DATA FOR THE TASK:
########################################

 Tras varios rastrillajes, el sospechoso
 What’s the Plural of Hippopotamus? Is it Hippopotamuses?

########################################

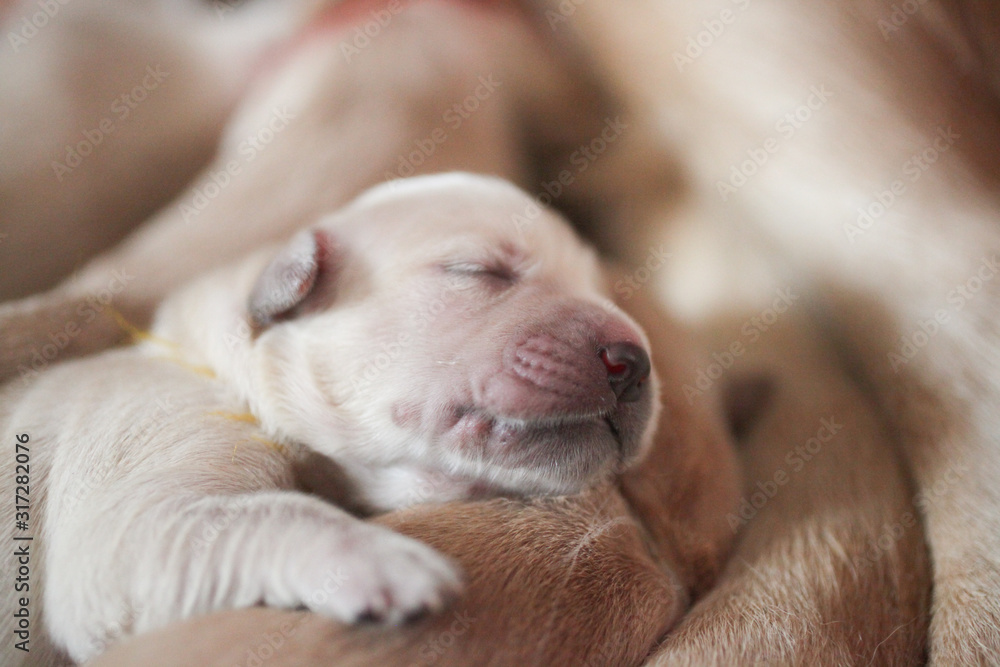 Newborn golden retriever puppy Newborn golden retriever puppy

########################################

PROBLEM TO WORK ON:
Reproduce exactly the section above that begins at the line containing "Tras varios rastrillajes, el sospechoso" and ends at the line containing "What’s the Plural", leaving out all other lines.

COMPLETED TASK:
 Tras varios rastrillajes, el sospechoso
 What’s the Plural of Hippopotamus? Is it Hippopotamuses?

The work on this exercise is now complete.